# Hexham GC



## Lord Tyrion (Jun 21, 2016)

Played there today in ideal golfing weather. Hexham is a traditional parkland golf course with an imposing clubhouse. It is in a lovely setting in the Tyne Valley area, west of Newcastle. The course is good but not exceptional, a 7.5 out of 10. Part of my criticism could easily be resolved by the greens committee but I suspect they would not be interested. Basically the fairways are cut narrow and the semi is too deep. Way too much time was spent looking for balls just off the fairway sat down in the rough. Quite often we walked past balls and had to double back to find them. This got annoying very quickly.
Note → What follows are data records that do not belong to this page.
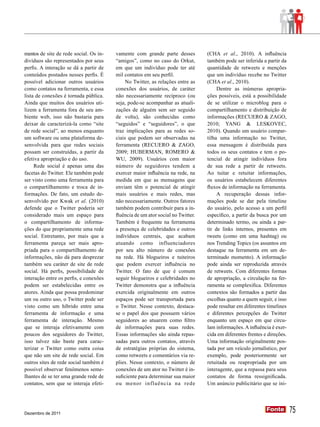 mentos de site de rede social. Os in-   vamente com grande parte desses          (CHA et al., 2010). A influência
divíduos são representados por seus     “amigos”, como no caso do Orkut,         também pode ser inferida a partir da
perfis. A interação se dá a partir de   em que um indivíduo pode ter até         quantidade de retweets e menções
conteúdos postados nesses perfis. É     mil contatos em seu perfil.              que um indivíduo recebe no Twitter
possível adicionar outros usuários           No Twitter, as relações entre as    (CHA et al., 2010).
como contatos na ferramenta, e essa     conexões dos usuários, de caráter             Dentre as inúmeras apropria-
lista de conexões é tornada pública.    não necessariamente recíproco (ou        ções possíveis, está a possibilidade
Ainda que muitos dos usuários uti-      seja, pode-se acompanhar as atuali-      de se utilizar o microblog para o
lizem a ferramenta fora de seu am-      zações de alguém sem ser seguido         compartilhamento e distribuição de
biente web, isso não bastaria para      de volta), são conhecidas como           informações (RECUERO & ZAGO,
deixar de caracterizá-la como “site     “seguidos” e “seguidores”, o que         2010; YANG & LESKOVEC,
de rede social”, ao menos enquanto      traz implicações para as redes so-       2010). Quando um usuário compar-
um software ou uma plataforma de-       ciais que podem ser observadas na        tilha uma informação no Twitter,
senvolvida para que redes sociais       ferramenta (RECUERO & ZAGO,              essa mensagem é distribuída para
possam ser construídas, a partir da     2009; HUBERMAN, ROMERO &                 todos os seus contatos e tem o po-
efetiva apropriação e do uso.           WU, 2009). Usuários com maior            tencial de atingir indivíduos fora
     Rede social é apenas uma das       número de seguidores tendem a            de sua rede a partir de retweets.
facetas do Twitter. Ele também pode     exercer maior influência na rede, na     Ao tuitar e retuitar informações,
ser visto como uma ferramenta para      medida em que as mensagens que           os usuários estabelecem diferentes
o compartilhamento e troca de in-       enviam têm o potencial de atingir        fluxos de informação na ferramenta.
formações. De fato, um estudo de-       mais usuários e mais redes, mas               A recuperação dessas infor-
senvolvido por Kwak et al. (2010)       não necessariamente. Outros fatores      mações pode se dar pela timeline
defende que o Twitter poderia ser       também podem contribuir para a in-       do usuário, pelo acesso a um perfil
considerado mais um espaço para         fluência de um ator social no Twitter.   específico, a partir da busca por um
o compartilhamento de informa-          Também é frequente na ferramenta         determinado termo, ou ainda a par-
ções do que propriamente uma rede       a presença de celebridades e outros      tir de links internos, presentes em
social. Entretanto, por mais que a      indivíduos centrais, que acabam          tweets (como em uma hashtag) ou
ferramenta pareça ser mais apro-        atuando como influenciadores             nos Trending Topics (os assuntos em
priada para o compartilhamento de       por seu alto número de conexões          destaque na ferramenta em um de-
informações, não dá para desprezar      na rede. Há blogueiros e tuiteiros       terminado momento). A informação
também seu caráter de site de rede      que podem exercer influência no          pode ainda ser reproduzida através
social. Há perfis, possibilidade de     Twitter. O fato de que é comum           de retweets. Com diferentes formas
interação entre os perfis, e conexões   seguir blogueiros e celebridades no      de apropriação, a circulação na fer-
podem ser estabelecidas entre os        Twitter demonstra que a influência       ramenta se complexifica. Diferentes
atores. Ainda que possa predominar      exercida originalmente em outros         contextos são formados a partir das
um ou outro uso, o Twitter pode ser     espaços pode ser transportada para       escolhas quanto a quem seguir, e isso
visto como um híbrido entre uma         o Twitter. Nesse contexto, destaca-      pode resultar em diferentes timelines
ferramenta de informação e uma          se o papel dos que possuem vários        e diferentes percepções do Twitter
ferramenta de interação. Mesmo          seguidores ao atuarem como filtro        enquanto um espaço em que circu-
que se interaja efetivamente com        de informações para suas redes.          lam informações. A influência é exer-
poucos dos seguidores do Twitter,       Essas informações são ainda repas-       cida em diferentes frentes e direções.
isso talvez não baste para carac-       sadas para outros contatos, através      Uma informação originalmente pos-
terizar o Twitter como outra coisa      de estratégias próprias do sistema,      tada por um veículo jornalístico, por
que não um site de rede social. Em      como retweets e comentários via re-      exemplo, pode posteriormente ser
outros sites de rede social também é    plies. Nesse contexto, o número de       retuitada ou reapropriada por um
possível observar fenômenos seme-       conexões de um ator no Twitter é in-     interagente, que a repassa para seus
lhantes de se ter uma grande rede de    suficiente para determinar sua maior     contatos de forma ressignificada.
contatos, sem que se interaja efeti-    ou menor influência na rede              Um anúncio publicitário que se ini-




Dezembro de 2011
                                                                                                             Fonte
                                                                                                             Fonte        75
Get past this, or cut the grass, and the course was good. Some interesting holes, excellent if relatively small greens. All topped off with a lovely closing hole off a raised tee box.

We didn't eat in the clubhouse but we did have a drink and prices were fair. Nice place to be after a round as well.

Would I go back or would I recommend it? If they cut the semi, definitely. If it stayed the same, probably not.

It would be interesting to hear the opinion of others who have played the course to see if the set up is the same all year round.


----------



## rudebhoy (Jun 22, 2016)

sounds like Blackwell Grange in Darlington which I played last week. Nice course but if you went a couple of feet off the fairway, you had to hack it out.

Steak pie was excellent tho!


----------



## Lord Tyrion (Jun 22, 2016)

A good pie can make you forgive an awful lot of things.


----------